We'll I was checking the RaySat website to see if there were any updates on price and availability and I found a news story on there website about an award they won at the Las Vegas "Best of show innovations award". The article can be found here....

RaySat 3000


Here is the highlight of the article with respect to price and availability.....


Personal users also represent a sizable, and growing, potential market, since no wireless carrier can yet provide the combination of national coverage and the high speed of satellite communication. With the automotive video market now exceeding 10 million vehicles, some customers primarily interested in satellite TV reception will acquire the SpeedRay 3000 for its additional, incrementally affordable Internet capability.

Robnett said the SpeedRay 3000 is scheduled to start delivering in the fall of 2006 and will retail for around $6,995.00. Installation and subscriptions to TV and Internet service are additional.

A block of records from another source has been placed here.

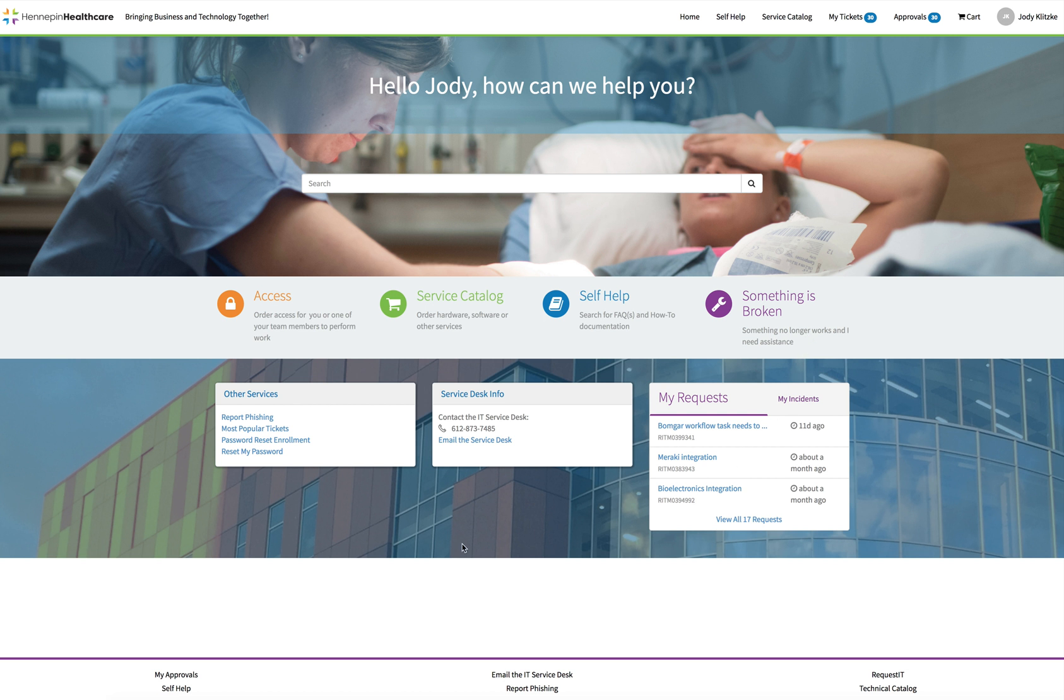In the bottom sections of the Service Portal, there are other helpful links. This concludes the Self-Service Portal Navigation Training. Thank you.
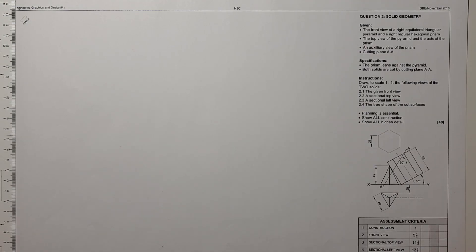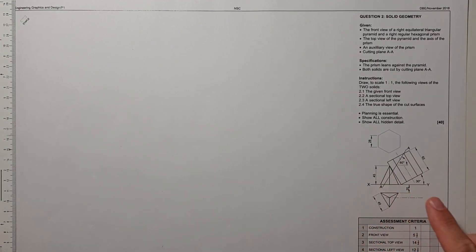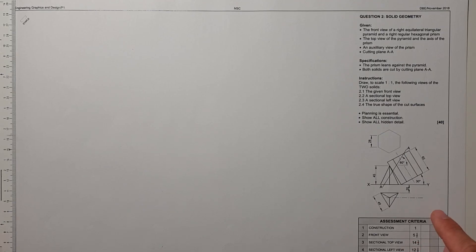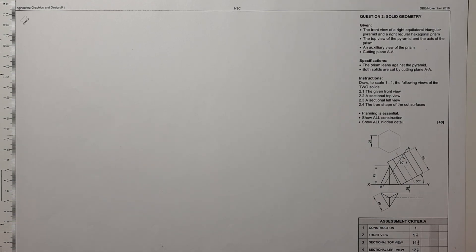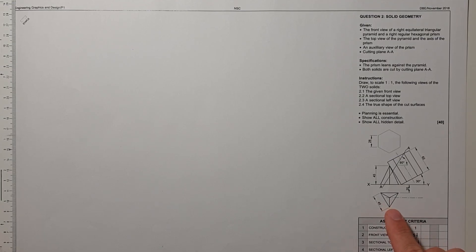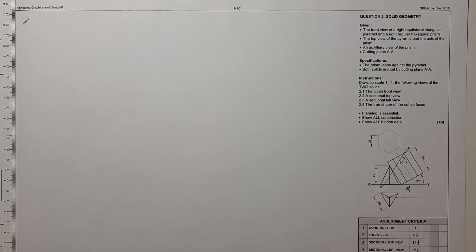There are a few interesting things about this question. It's easy to get a couple of marks because the front view has been given, and the front view is five and a half points that we can get by just drawing what is seen on the paper. There's one point for constructions, and for the sectional top view by drawing this triangular pyramid you'll also get some marks. So let's get started.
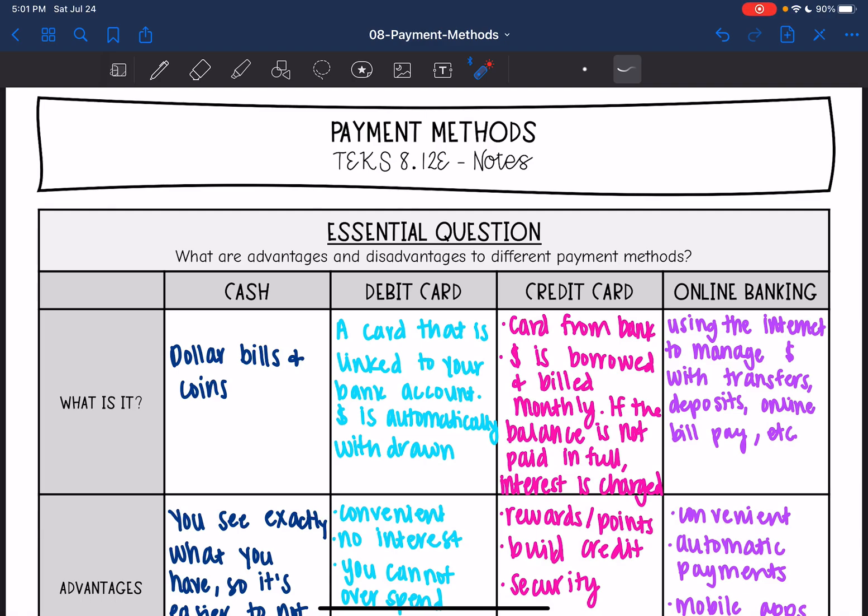Hey guys, today we are going to look at different methods of payment. We're going to answer the question: what are the advantages and disadvantages to different payment methods?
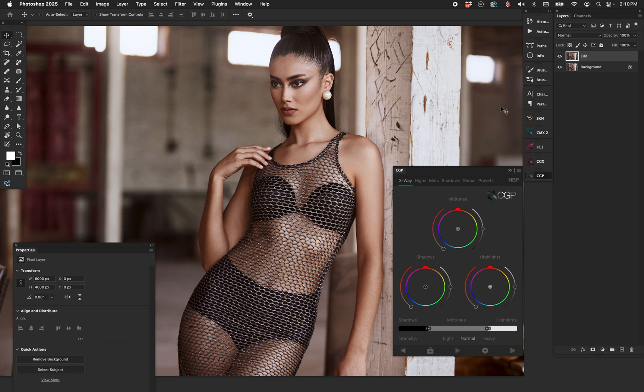Hey everyone, Nino here. Welcome to the overview of NBP CGP. The really good news right out of the gate is that CGP is so intuitive you can just start and you'll probably figure it out, but let's go over it anyway to make sure you know all the little functions. So let's say you have an edit like this — it's done. I did all the raw work in Capture One, I did all my cleanup work, and I'm ready to start exploring some color grading.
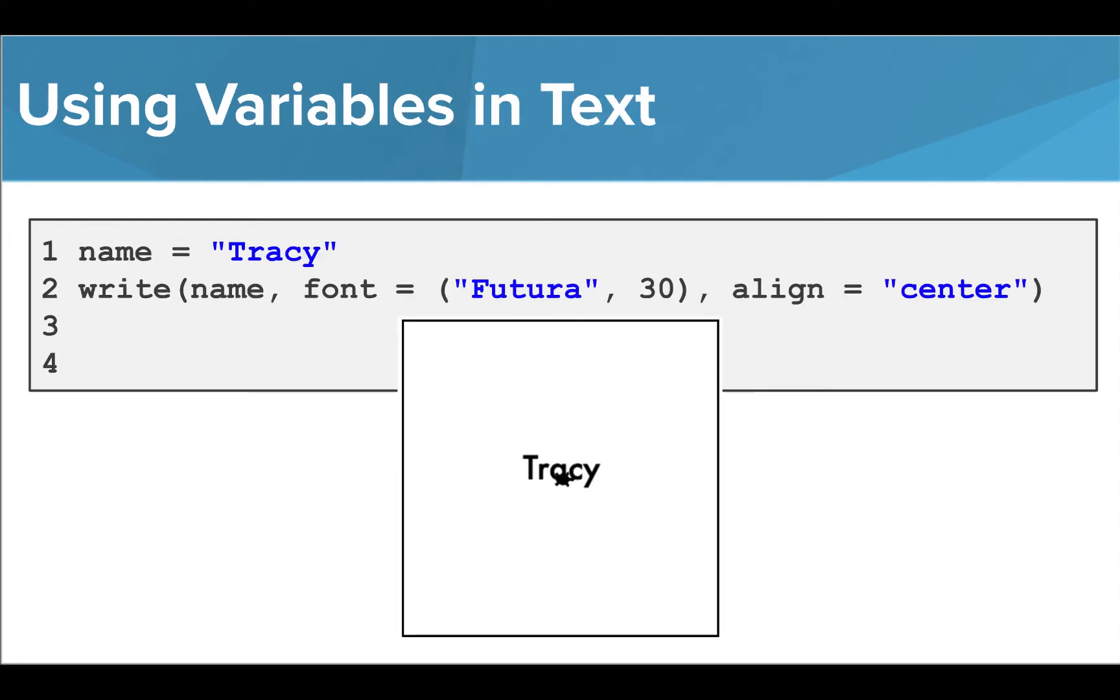We can use variables to print a label, the same way we use variables in other parts of our programs. We can just call the variable name where the text should be included in the write function, and the value saved in that variable will be printed.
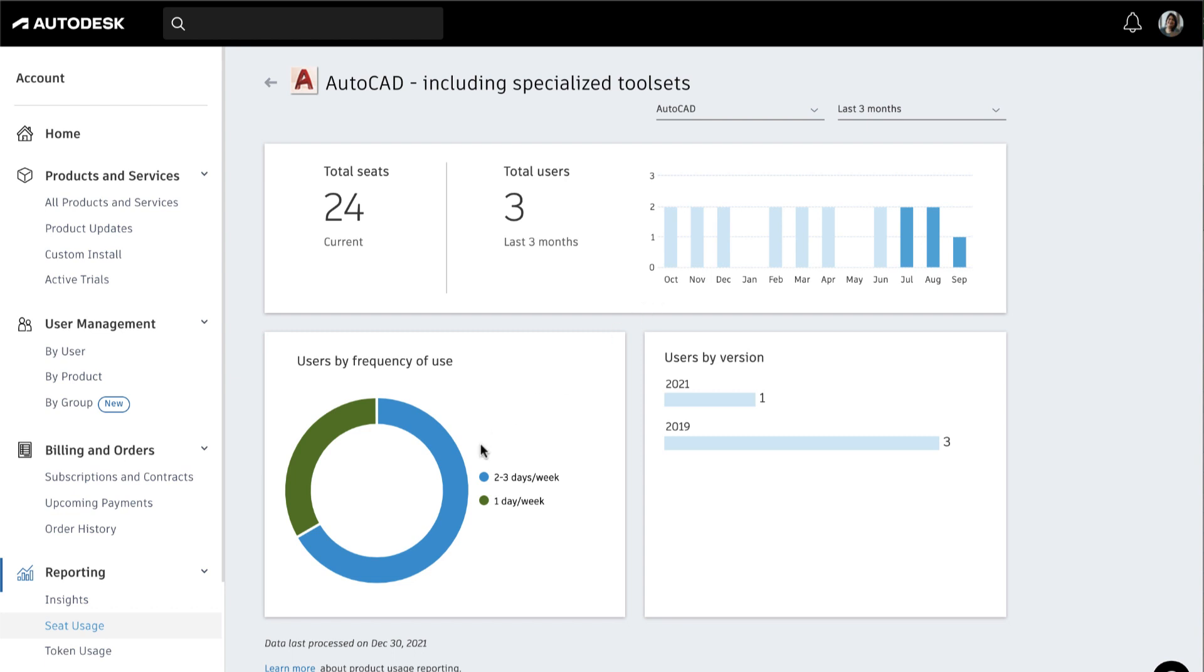The frequency chart shows how often your team is using products on a weekly basis. The final chart shows users by product version. You can use this chart to avoid version conflicts and ensure team alignment.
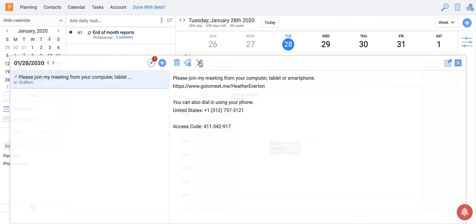So I can click pin and that puts a pin in this note, which means no matter what day I open my daily notes, this note is going to be available to me and accessible.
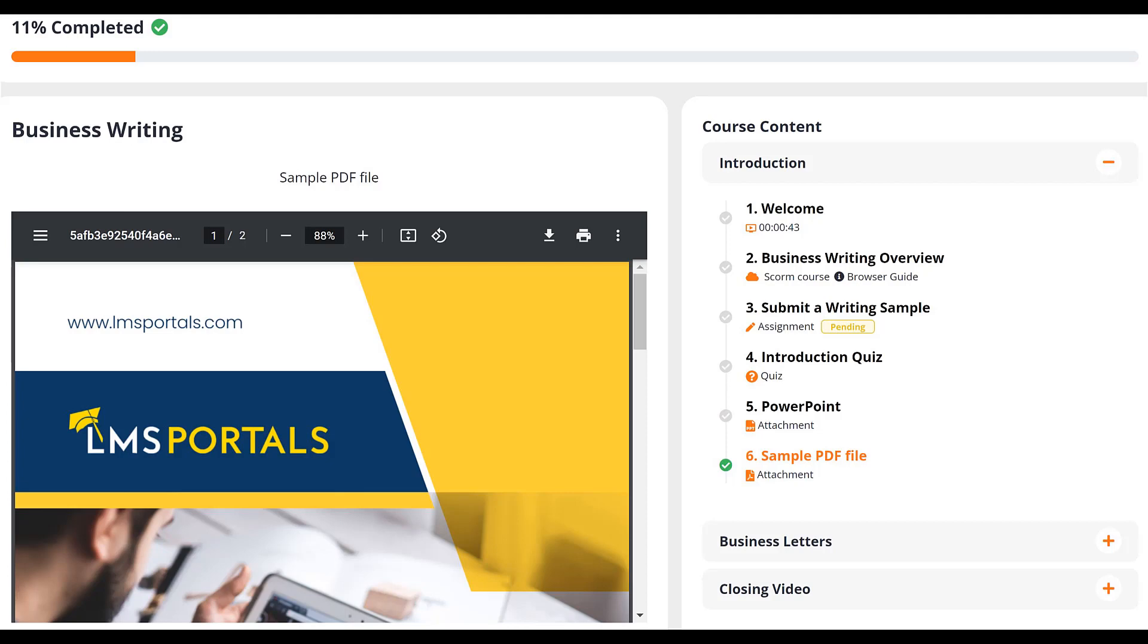Welcome to the LMS Portals tutorial series. At LMS Portals, we provide our clients and partners with a SaaS-based multi-tenant learning management system and a complete library of courses covering most every aspect of corporate training and employee development.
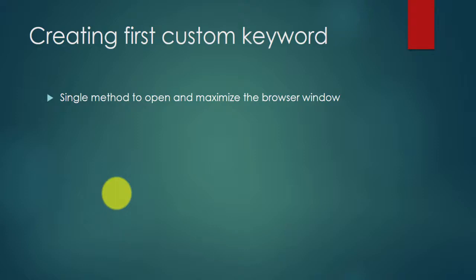Hello everyone, in this tutorial we are going to learn how to create our very first custom keyword. In this we are going to cover one example where we will be writing one single method to open and maximize the browser window.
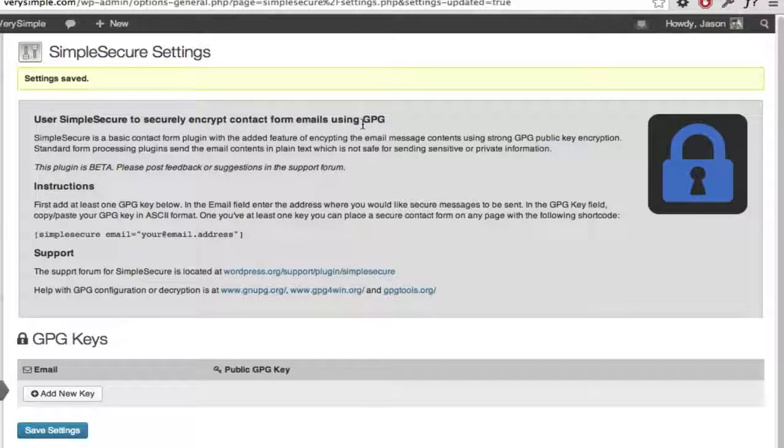Hey, in this video I'm going to show you how to set up Simple Secure for WordPress, which is a secure form processor that uses GPG to encrypt your contact forms.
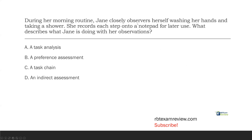Question five. During her morning routine, Jane closely observes herself washing her hands and taking a shower. She records each step onto a notepad for later use. What describes what Jane is doing with her observation? Think about this — what do we teach in steps? We teach chains. And in order to create a chain, we have to perform a task analysis. A task analysis creates a task chain. Jane is watching herself, analyzing her task, and writing down the steps for later use. Her observations are part of the task analysis.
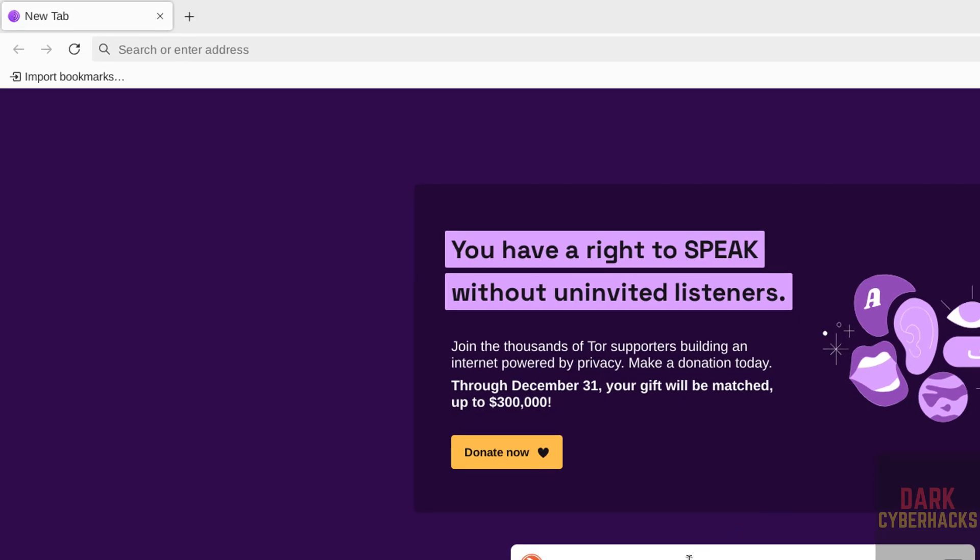And the default search engine for Tor browser is DuckDuckGo. So you can browse anything.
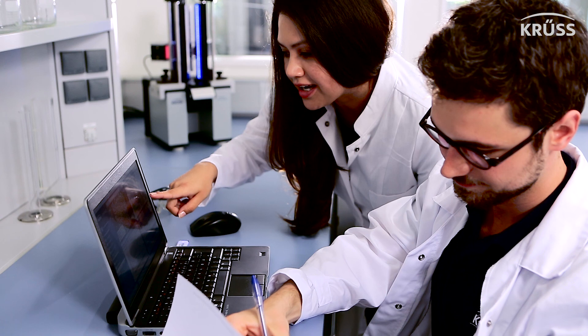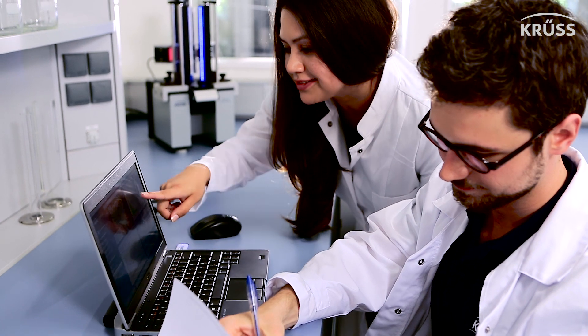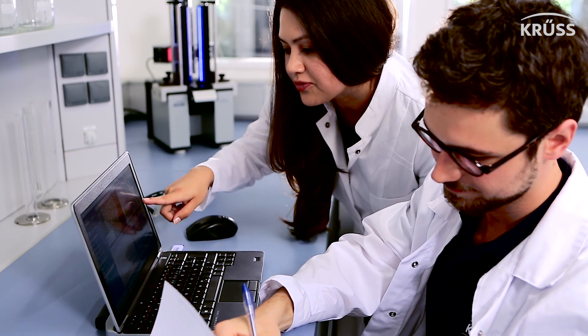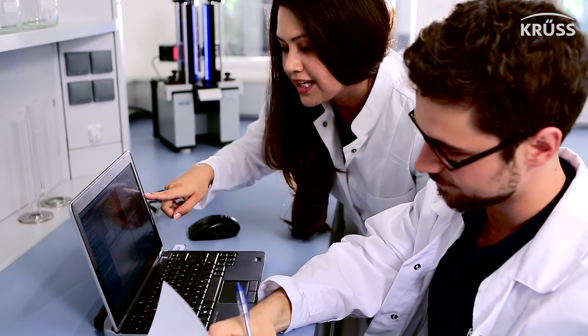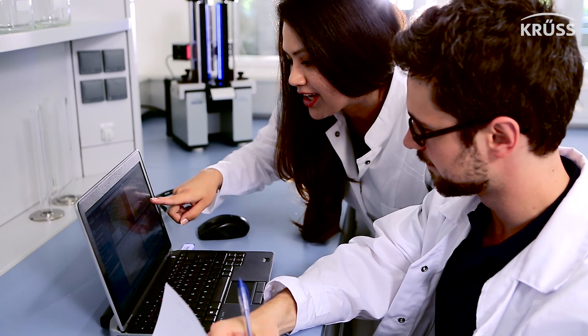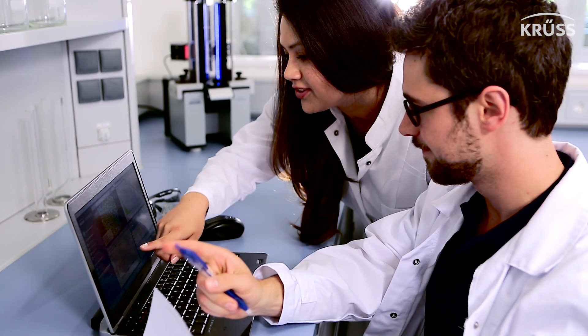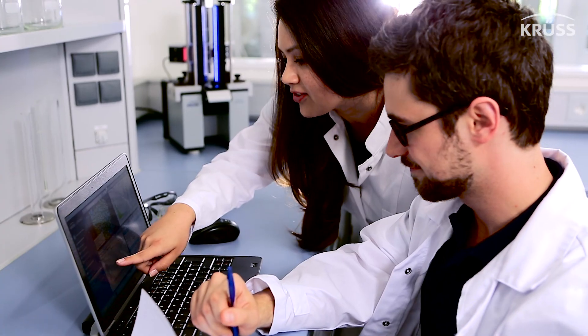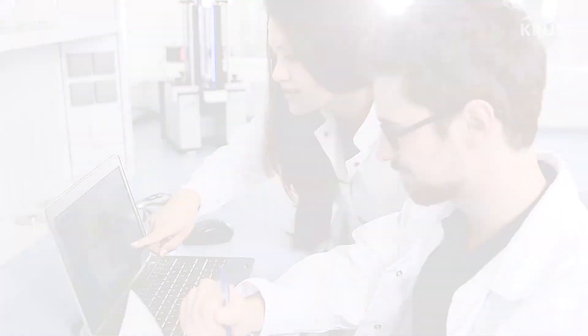We are excited to see how you will use the powerful scientific analysis tools of our ADVANCE software to improve the quality of your foam.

I am not sure how affordable that is. I was considering it at $3000 but $7000 plus installation and service iis a little out of my price range.
 
$7k is definately a potential deal-breaker for me. I wonder why the $4k price was advertised initially. And if the thing is self-tracking and uses a WIFI interface, why would you need to pay someone for installation? Even so, the monthly fee is going to be the main concern. The initial equipment cost ($4k, not $7k) I could probably handle. Considering with this unit I could eliminate my home cable internet and WxWorx monthly fees and just keep the satellite internet for both home and mobile use. If it is around $100/month, that is doable for internet access, plus maybe another $30-$50 for TV although that isn't entirely neccessary. Any more than that and it will simply be a luxury then that I couldn't justify. $7k hardware certainly puts it in the luxury category though.

I'll be watching this closely. I'm sure in a couple of years either the price will come down or there will be other solutions/competitors appearing.

As for hail, if the day comes that I ever install this thing, I'm going to Home Depot and building a super heavy-duty hail sheild for it. Maybe something with a Mythbusters-style motor-driven actuator to quickly flip up and cover it. That's like buying a HD video camera and strapping it to your roof, it's got to have some protection.